DATASET ENTRIES below:

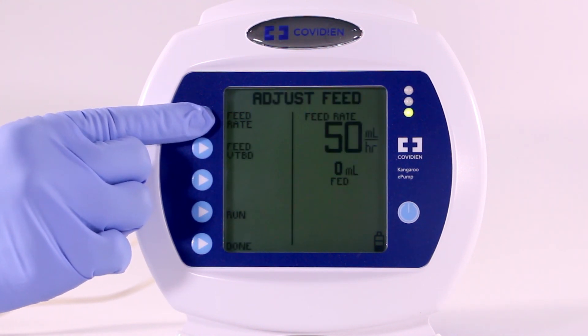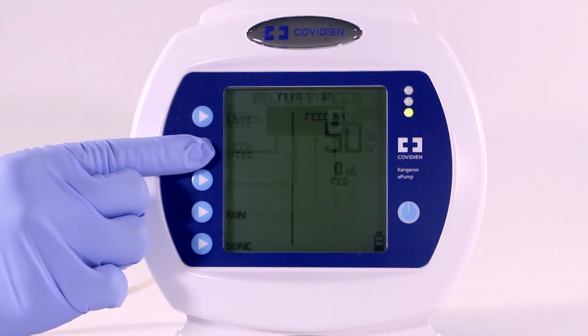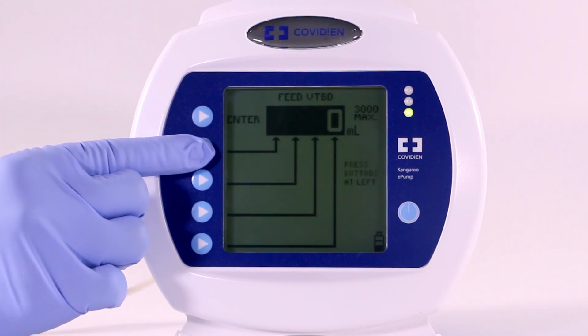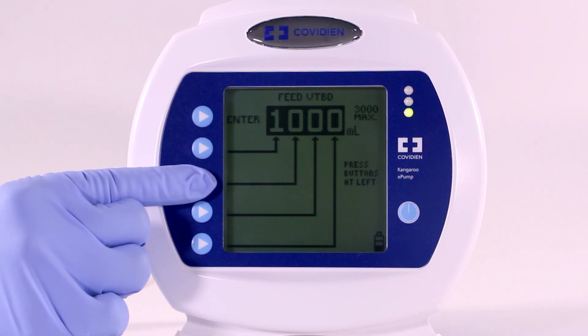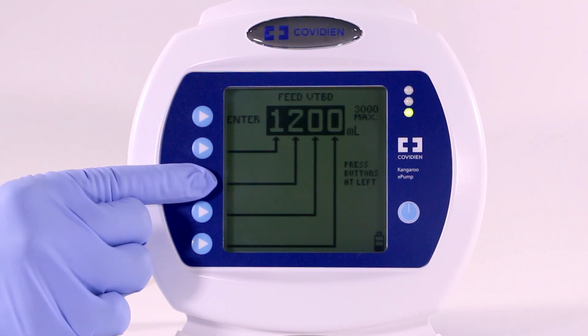If you'd like to set the total volume to be delivered, select VTBD and input the total volume to be delivered. Press the buttons to select the feed volume. Volume to be delivered is an optional feature. Only use VTBD if you want the pump to stop and alarm once the set amount of formula has been delivered.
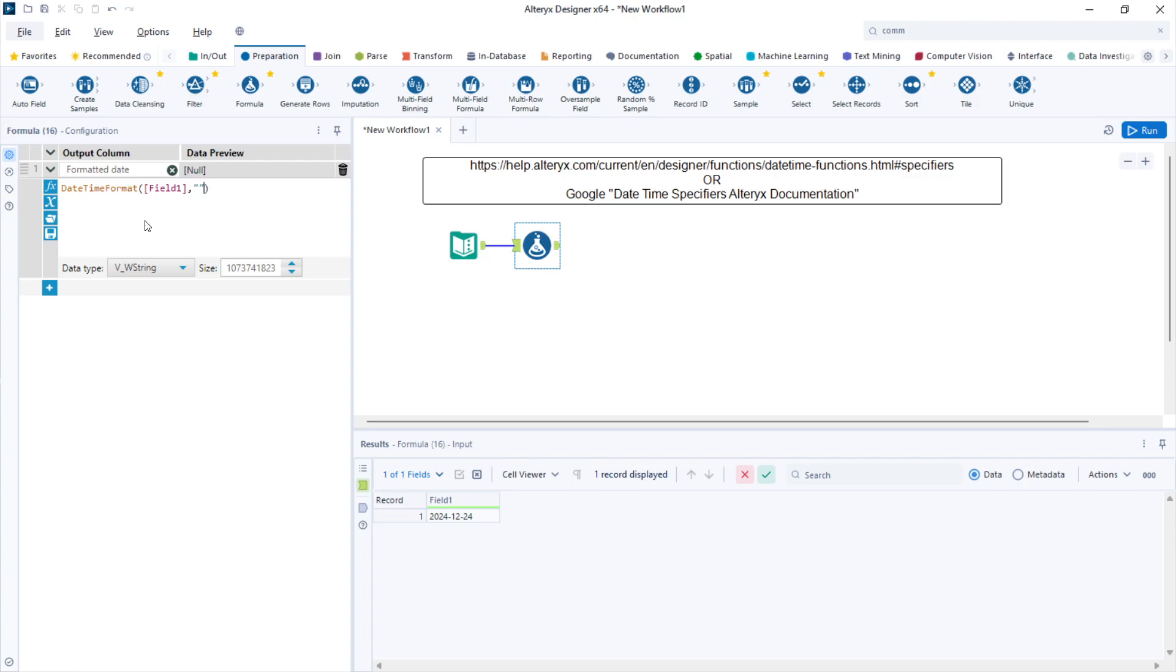The format needs to be in quotes, and you will write a succession of specifiers with the percentage symbol.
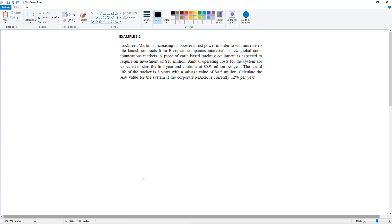Example 5.2: Lockheed Martin is increasing its booster thrust power in order to win more satellite launch contracts from European companies interested in new global communications markets. A piece of earth-based tracking equipment is expected to require an investment of $13 million. Annual operating costs are expected to start the first year and continue at $0.9 million per year. The useful life of the tracker is 8 years with a salvage value of $0.5 million. Calculate the annual worth value for the system if the corporate minimum attractive rate of return is currently 12% per year.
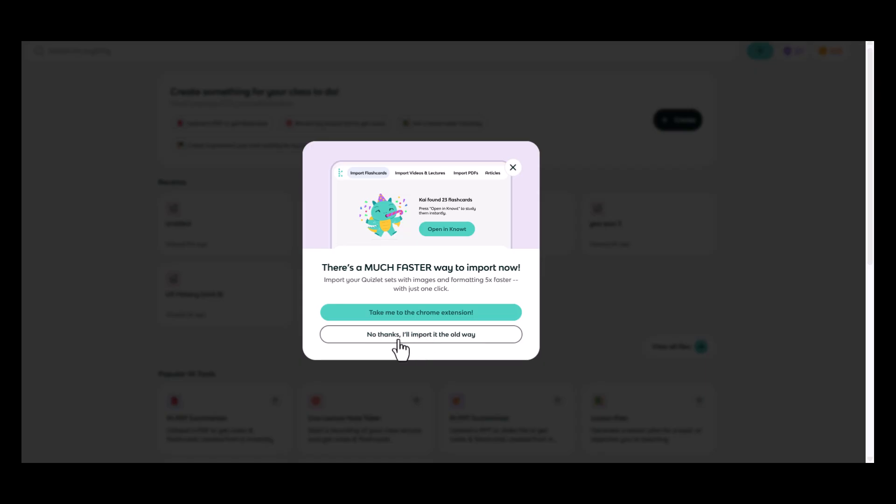However, if you would like the Note extension and don't yet have it in your browser, it's recommended to visit the Chrome Web Store and add it for simple transfer of Quizlet flashcards into Note.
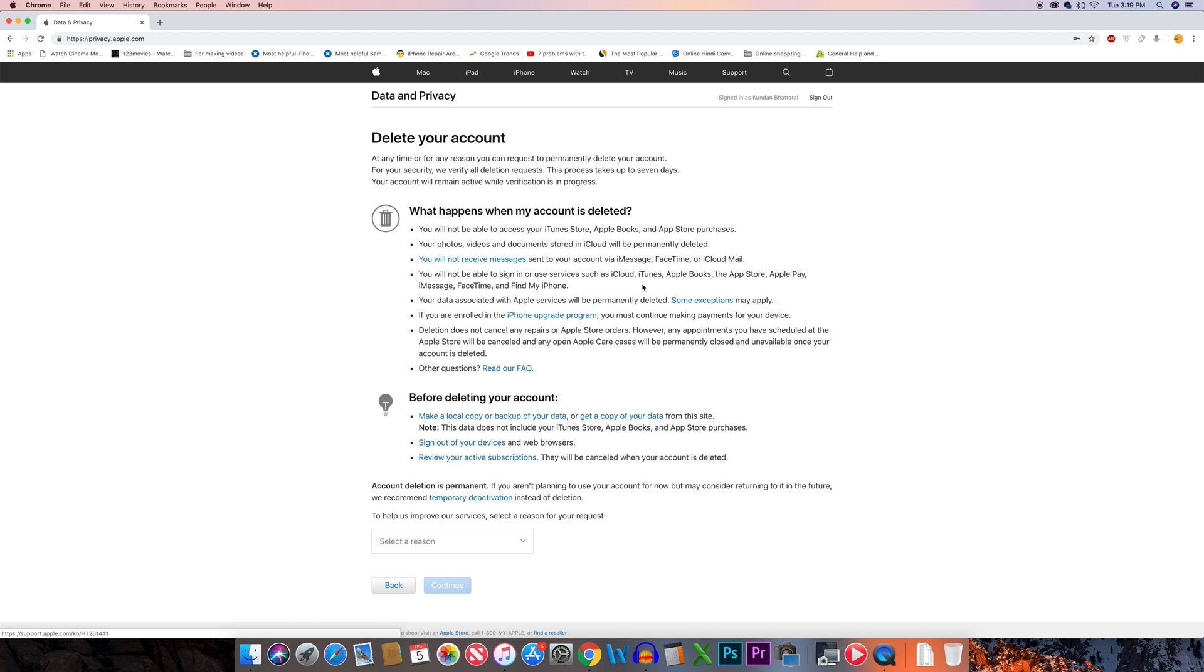Now here you will see what happens when you delete your Apple ID. You can't log into your iTunes and App Store, and all of the videos and photos which are saved in the iCloud will be permanently deleted. There are other things that happen when you delete your Apple ID.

End of DATASET ENTRIES.

### [WORK INSTRUCTION]
Everything from the line containing "The format needs" to the last line of the listing above must be reproduced exactly, with no pictures included.

### [ANSWER TO THIS EXERCISE]
The format needs to be in quotes, and you will write a succession of specifiers with the percentage symbol.
Example 5.2: Lockheed Martin is increasing its booster thrust power in order to win more satellite launch contracts from European companies interested in new global communications markets. A piece of earth-based tracking equipment is expected to require an investment of $13 million. Annual operating costs are expected to start the first year and continue at $0.9 million per year. The useful life of the tracker is 8 years with a salvage value of $0.5 million. Calculate the annual worth value for the system if the corporate minimum attractive rate of return is currently 12% per year.
However, if you would like the Note extension and don't yet have it in your browser, it's recommended to visit the Chrome Web Store and add it for simple transfer of Quizlet flashcards into Note.
Now here you will see what happens when you delete your Apple ID. You can't log into your iTunes and App Store, and all of the videos and photos which are saved in the iCloud will be permanently deleted. There are other things that happen when you delete your Apple ID.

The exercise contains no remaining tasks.